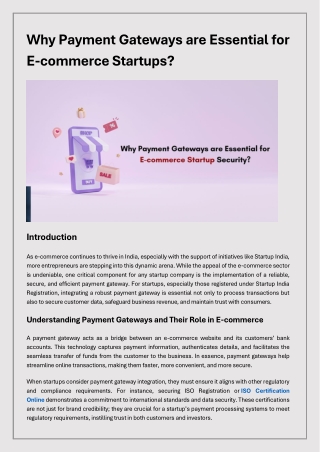 Payment Gateways are Essential for E-commerce Startups Security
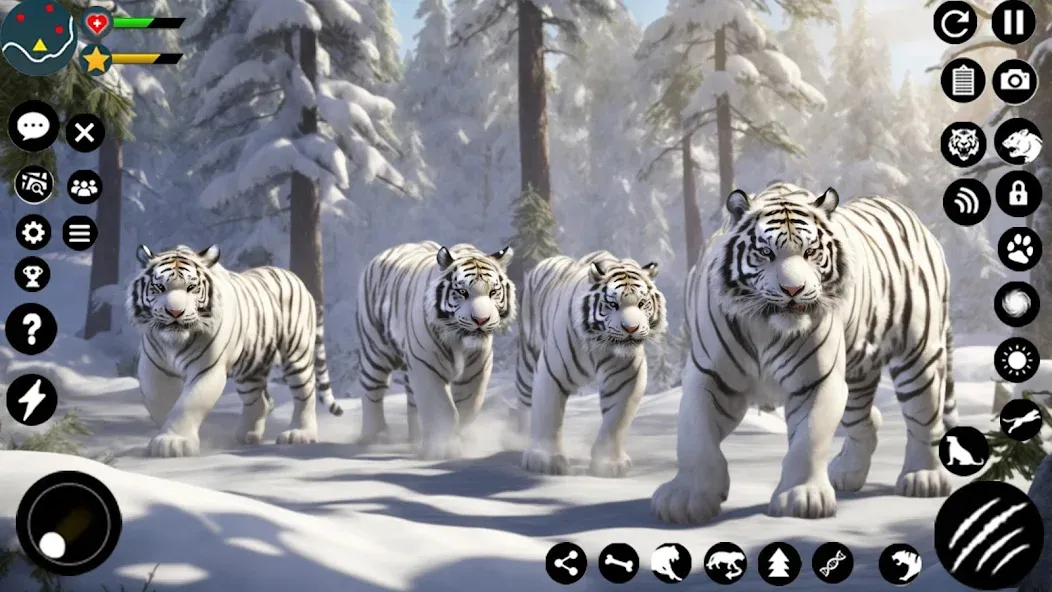 Arctic White Tiger Family Sim  [МОД Много монет] Screenshot 4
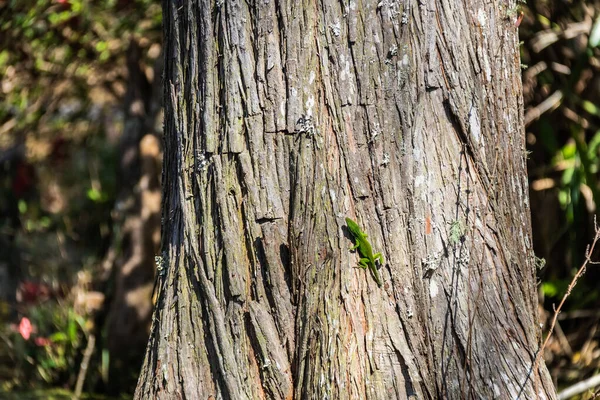 Eine Leuchtend Grüne Carolina Anole Eidechse Auf Einem Baum Einem — Stockfoto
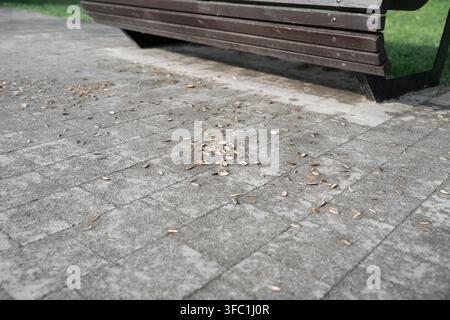 High angle close-up shot of a messy city pavement covered with garbage and debris. Conceptual imagery of urban pollution, vandalism, and environmental Stock Photo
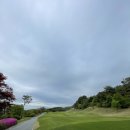 (주)스카이비 네이버블로그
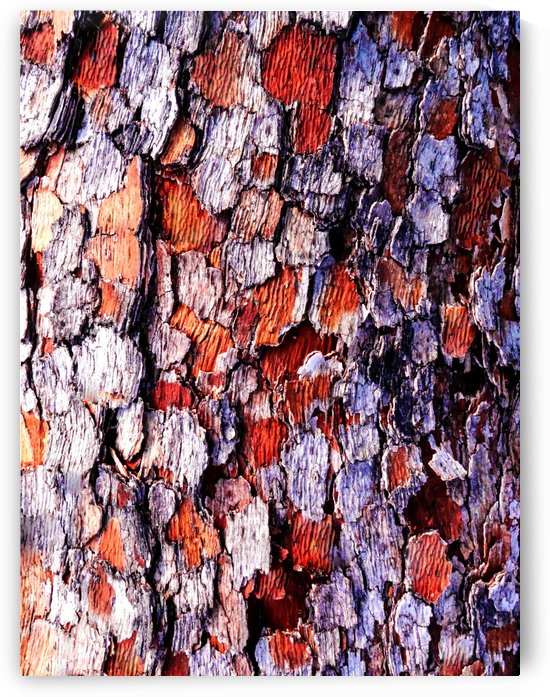 Aussie Gum Tree Bark - 4 by Lexa Harpell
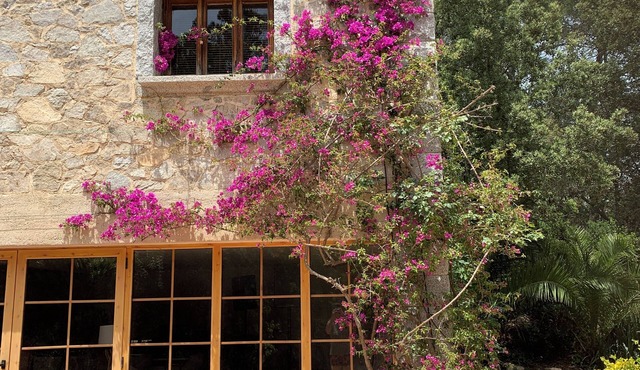 Forest retreat, close to Barcelona and Beaches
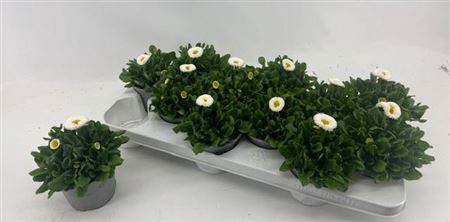 <h4>Bellis P Kl Ru White</h4>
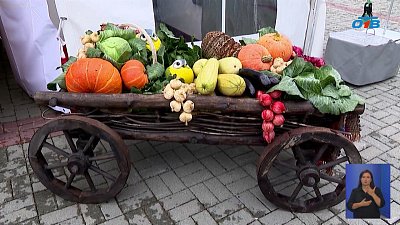 Челябинск готовится к масштабной агропромышленной выставке «АГРО-2025»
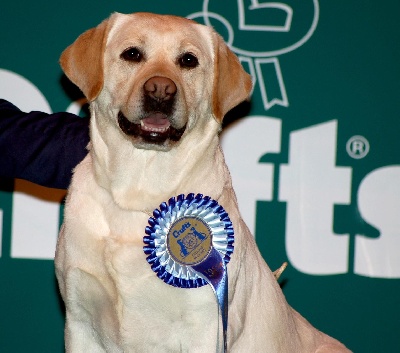 Crufts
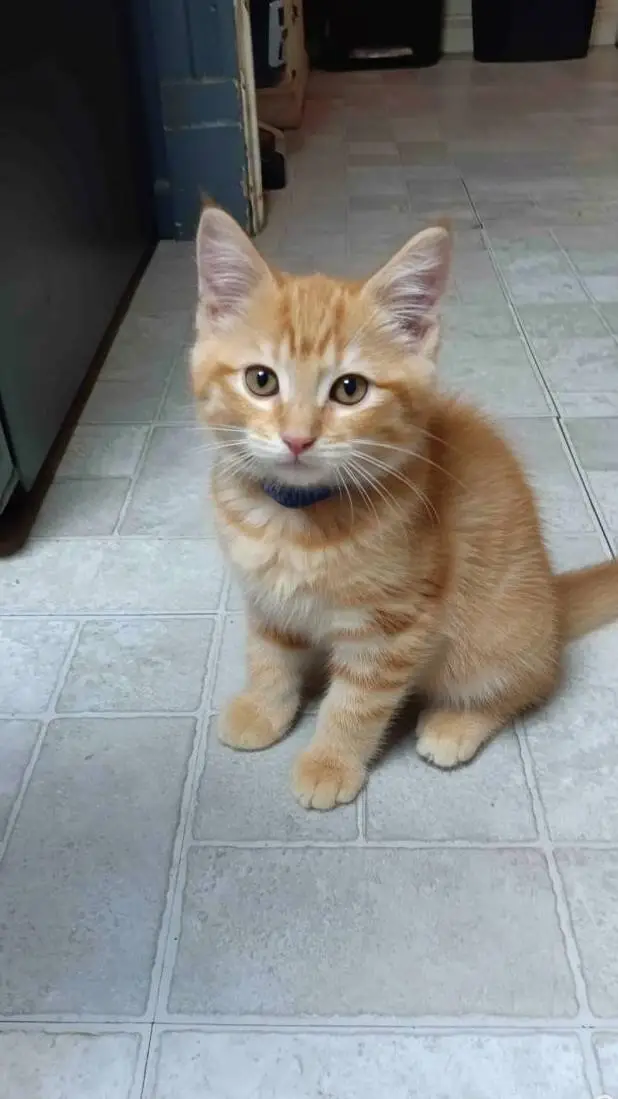 ai character: cat background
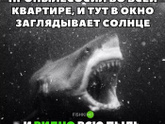 Не могу не поделиться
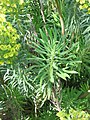 Euphorbia characias leaves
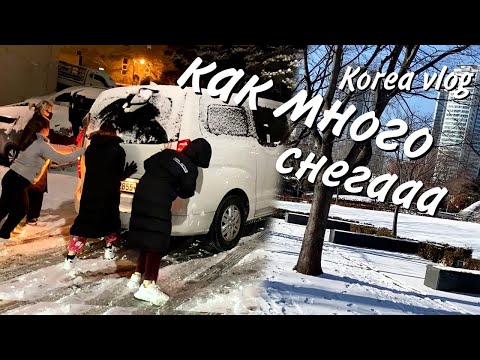 Видео: Снегопад в Корее 2021/Korea snow/눈덮힌 한국/KOREA VLOG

> Task details:
Could you restate the entries word for word, skipping any pictures?

> Solution:
 Payment Gateways are Essential for E-commerce Startups Security
 Arctic White Tiger Family Sim  [МОД Много монет] Screenshot 4
 Eine Leuchtend Grüne Carolina Anole Eidechse Auf Einem Baum Einem — Stockfoto
 High angle close-up shot of a messy city pavement covered with garbage and debris. Conceptual imagery of urban pollution, vandalism, and environmental Stock Photo
 (주)스카이비 네이버블로그
 Aussie Gum Tree Bark - 4 by Lexa Harpell
 Forest retreat, close to Barcelona and Beaches
 <h4>Bellis P Kl Ru White</h4>
 Челябинск готовится к масштабной агропромышленной выставке «АГРО-2025»
 Crufts
 ai character: cat background
 Не могу не поделиться
 Euphorbia characias leaves
 Видео: Снегопад в Корее 2021/Korea snow/눈덮힌 한국/KOREA VLOG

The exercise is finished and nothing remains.